Collected data START

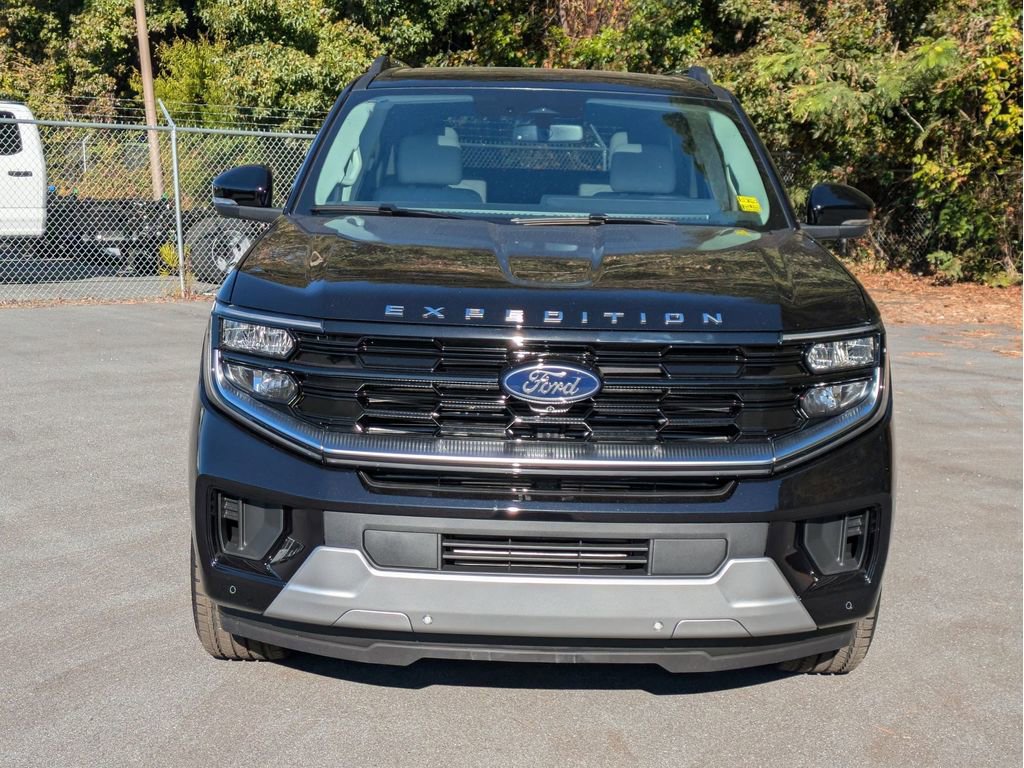 New 2025 Ford Expedition Platinum image 3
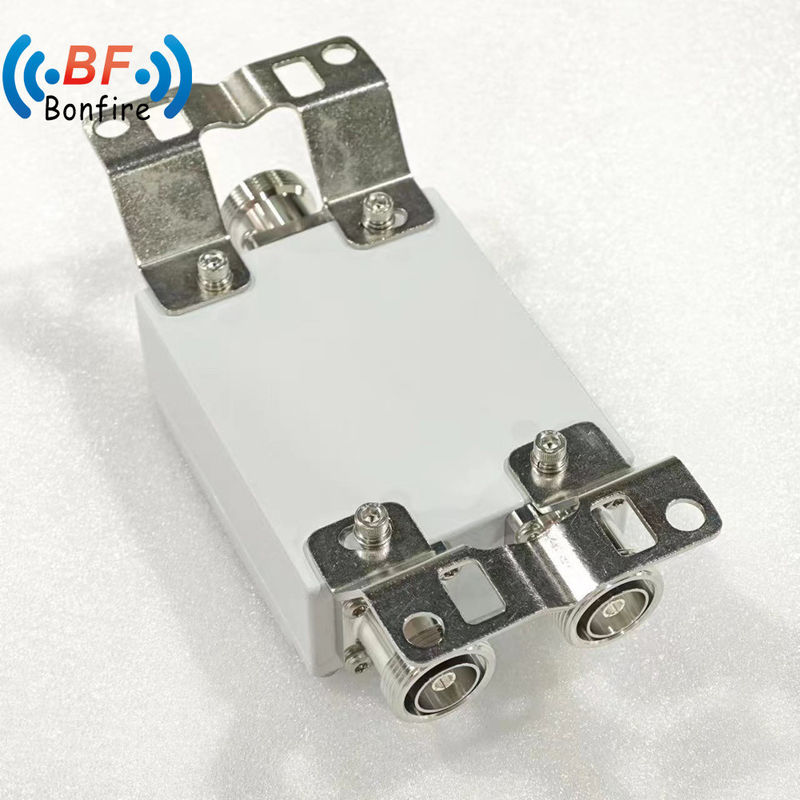 Amortisseur coaxial RF de 200 W N RF combiné 40dB 1920-2170 2300-2400 2500-2700MHz 50 ohm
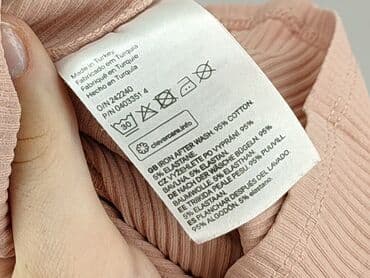 Жінкам: H&M, Футболка жіноча, розмір XS — 6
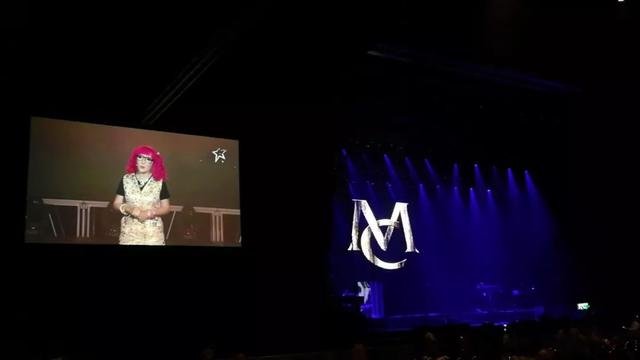 玛丽亚凯莉世界巡回演唱会（玛丽亚凯莉泰国演唱会完美落幕）(11)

Collected data END

Copy out the listing word for word and skip its pictures.

Response area ::
 New 2025 Ford Expedition Platinum image 3
 Amortisseur coaxial RF de 200 W N RF combiné 40dB 1920-2170 2300-2400 2500-2700MHz 50 ohm
 Жінкам: H&M, Футболка жіноча, розмір XS — 6
 玛丽亚凯莉世界巡回演唱会（玛丽亚凯莉泰国演唱会完美落幕）(11)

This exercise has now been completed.